# Halloween Sale

# Halloween Sale

+ 5 comments A simple approach

static int howManyGames(int p, int d, int m, int s) { int count = 0; while(s>=p){ count++; s -=p; p = Math.max(p-d,m); } return count; }

+ 7 comments My implementation in C with O(1) running time complexity. It does not use any loop.

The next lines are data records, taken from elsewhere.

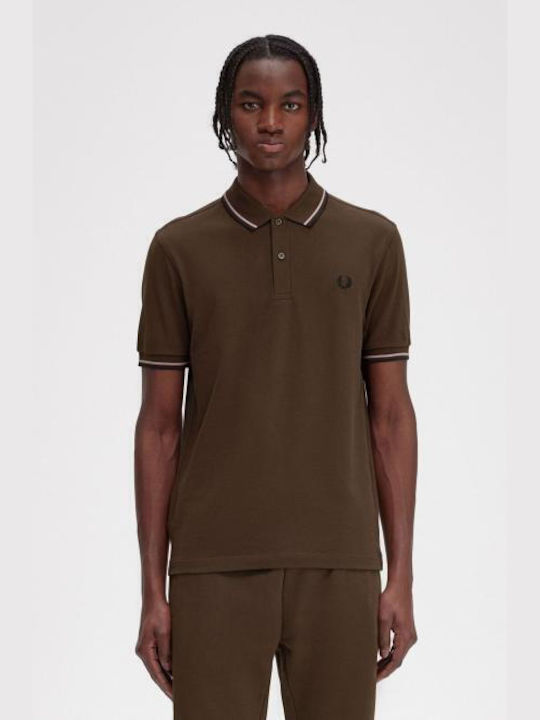 Fred Perry Polo Μπλούζα Κοντομάνικη burnt tobacco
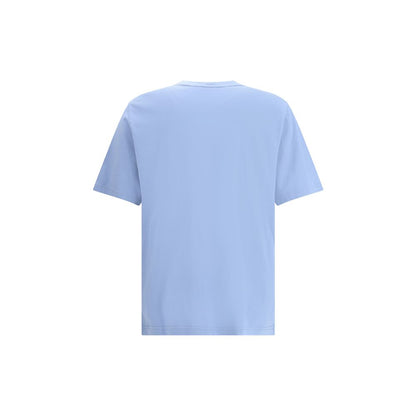 Maison Kitsuné Hellblaues Baumwoll-T-Shirt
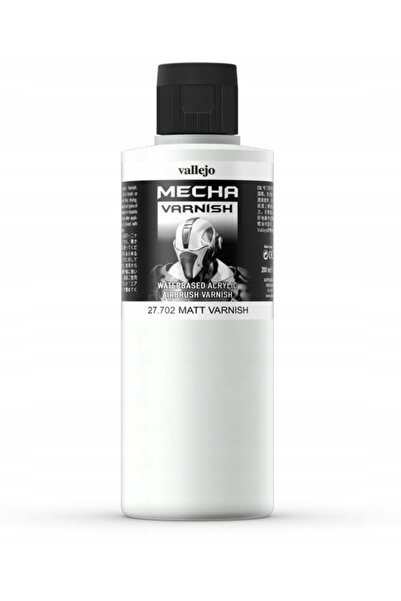 NO BRAND Vallejo 27702 Mecha Matt Varnish 200 ml. Lac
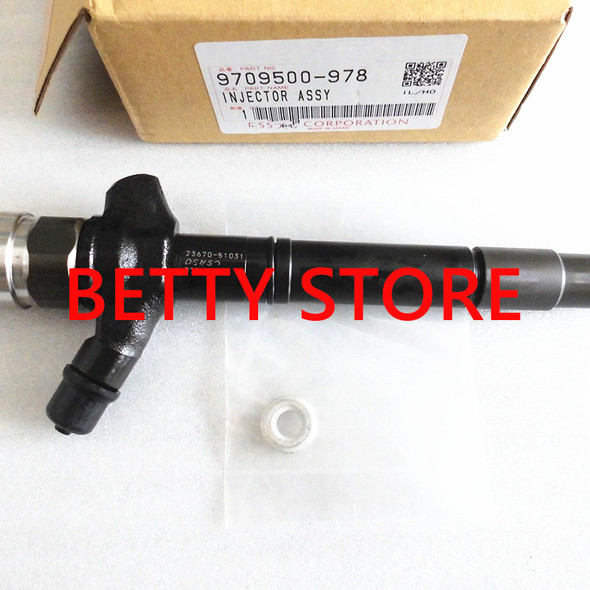 4pcs,Genuine New Common Rail Injector 095000-9780 9709500-978 23670-51031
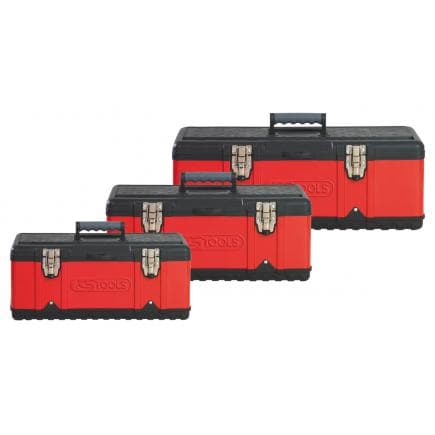 KS TOOLS 850.0360 - Jeu de caisses à outils en tôle d'acier et plastique (3 pcs)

#include <stdio.h> #include <math.h> int main (void) { int p, d, m, s; int n, t; scanf("%d%d%d%d", &p, &d, &m, &s); if (s < p) { n = 0; } else { n = 1 + (p - m) / d; t = n * (2 * p - (n - 1) * d) / 2; if (s >= t) { n += (s - t) / m; } else { int b = 2 * p + d; n = (b - sqrt(b * b - 8 * d * s)) / (2 * d); } } printf("%d\n", n); }

+ 11 comments def howManyGames(p, d, m, s): games = 0 while s >= 0: s -= p p = max(p - d, m) games += 1 return games - 1

+ 2 comments O(1) solution in C++. define F(n) as sum from k=0 to n of (p-dk), which equals (n+1)(p-nd/2). The last term in this series that is not smaller than m is at k_max = floor((p-m)/d). Let F_max = F(k_max). There are two cases: case 1: if s >= F(k_max), then we can pay all the money in the series, which has k_max+1 terms, plus floor( (s-F_max)/m ) games at m each.

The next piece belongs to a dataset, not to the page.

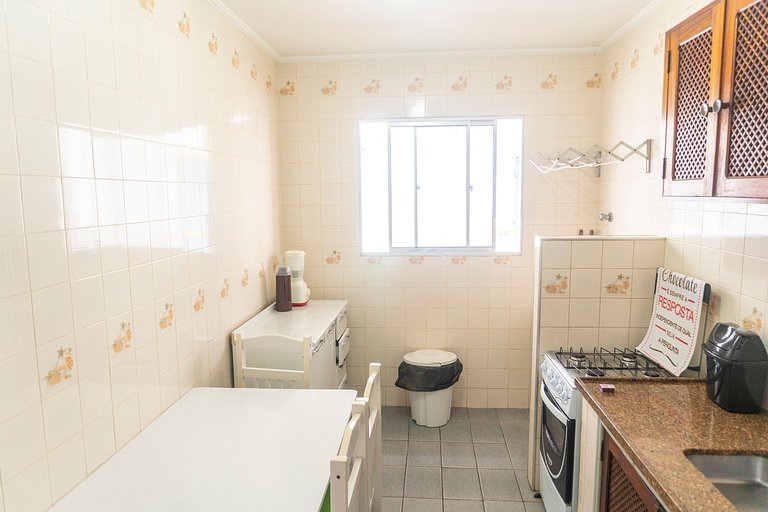 203 - Apartamento Aconchegante Primeira Quadra do mar 2 Vaga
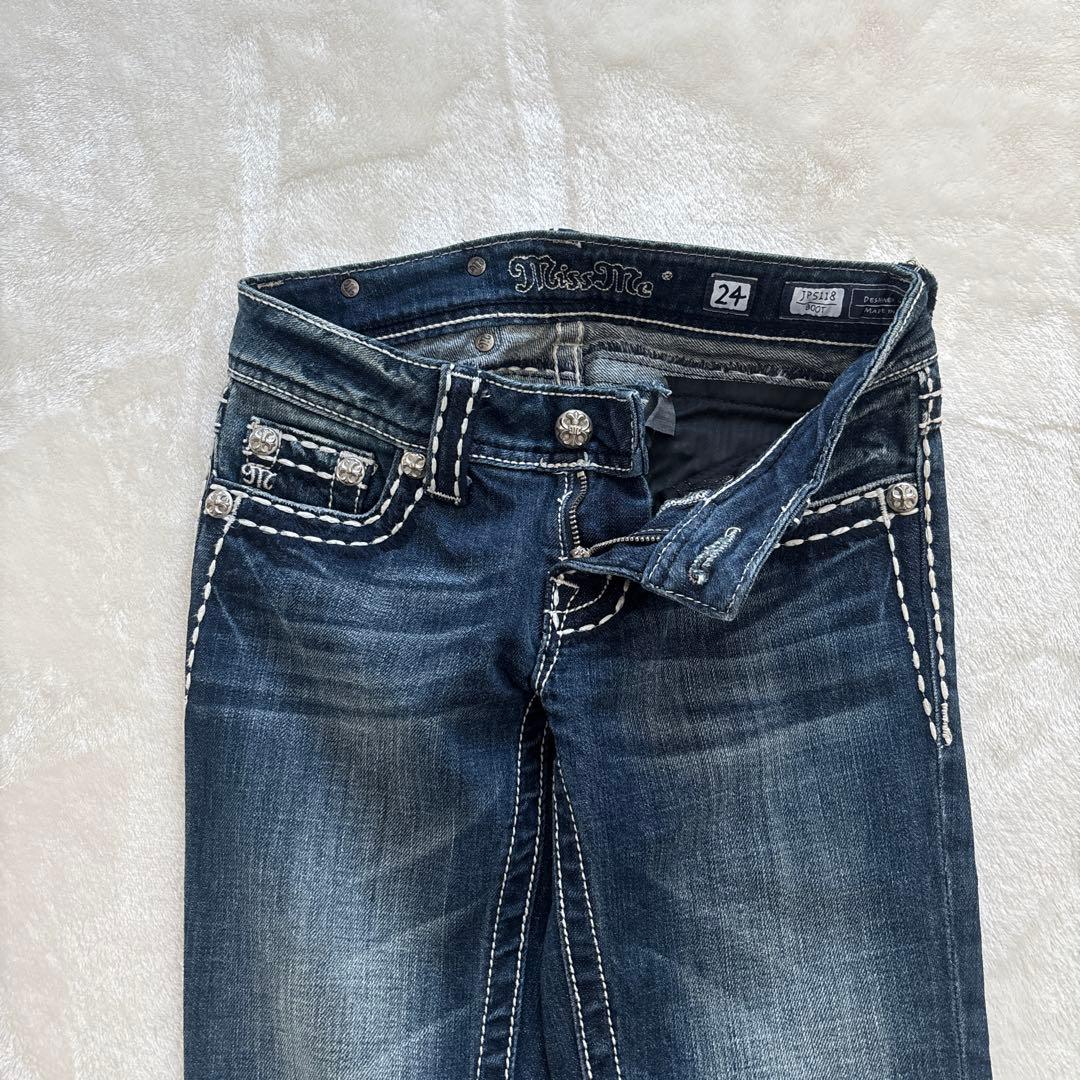 【Miss Me 】フレアデニムパンツ　24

On the other hand, case 2: if s < F(k_max), we cannot afford to buy the first k_max+1 games, so we must truncate the series prematurely by finding the largest value g < k_max such that F(g) < s. Note that F(g) is an inverted parabola, and since we only care about the left half of the parabola where it's increasing, we want the largest integer strictly smaller than the smaller root of F(g). Using the quadratic formula, the smaller root of F(g) is g = b - sqrt(b^2 - c), where b = p/d-1/2 and c = 2(s-p)/d. The largest integer strictly smaller than this g is ceil(g)-1. Accounting for the fact that the sum F starts at k=0 and not k=1, the total number of terms is then ceil(g)-1+1 = ceil(g).

int howManyGames(int p, int d, int m, int s) { const int k_max = floor((p-m)/d); const int F_max = (k_max+1)*p-((k_max+1)*k_max*d)/2; if(s >= F_max){ return k_max + 1 + (s-F_max)/m; }else{ const double b = p*1.0/d - 0.5; const double g = b-sqrt(b*b-2.0/d*(s-p)); return ceil(g); } }

+ 6 comments Hi may I ask if anybody getting this error while passing tests? I passed all tests except number 7. Input is '99 3 1 5555', expected output is '3905'. My output is also '3905' but HackerRank keeps complaining it is wrong ...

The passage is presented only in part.